By shost at 4:03 pm on Tuesday, October 28, 2014

I remember back in 2006 when we started this site – we polled the municipal candidates in Waterloo, Guelph and Acton on the future potential of GO transit in this area  - posted the results here – and helped educate the public on the potential of GO transit in our region – at the time no one spoke of it or was aware it was even on the table. LRT was still in the early stages – and look how far we’ve come. I’m glad TRITAG has taken the cause for pro-transit in Waterloo region – and I’ll try not to duplicate what they advocate for – (check them out – a great effort!)

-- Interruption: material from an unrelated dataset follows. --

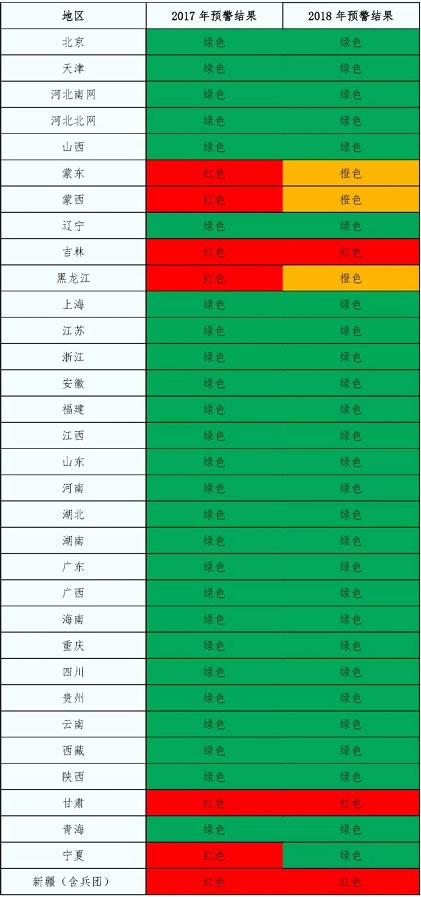 2018年中國風(fēng)電的五大關(guān)注點(diǎn)！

Speaking of how far some have come – I’ll also mention that my friend and former co-hort that helped drive GOKW.ORG in 2006 – David Graham – has won his name on the next Federal Election ballot in St. Agathe, QC by winning the Liberal Party nomination. Way to go David! David moved back out there years ago (and divides his time in Ottawa) to continue his political career with obviously great success. Good luck David!

So back to Waterloo – It’s full steam ahead for the Waterloo region LRT project – Ken Seiling wins by a comparable margin against the anti-LRT Aissa.  In an election that stood as a form of referendum on LRT versus no LRT – Waterloo region residents clearly chose the former – and I’m quite happy they did. LRT will funnel traffic to/from GO Trains in the city and provide a level of transit integration only equaled in Toronto (Until other LRT projects come on board).. Good job, Waterloo — now for the 4 years of construction pain and related road closures.

Most importantly – with Waterloo LRT proceeding with no political opposition – other LRT projects that are being considered – namely Hamilton, Missussauga (Brampton) can continue to look at Waterloo as the positive bellweather for what may be in store should they also choose the LRT path.

By the time LRT construction is completed there will be four trains/day in and out of Waterloo – what are the chances we’ll have reverse commuting trains to connect to the LRT from Toronto? Hmmmmmmmmmmm.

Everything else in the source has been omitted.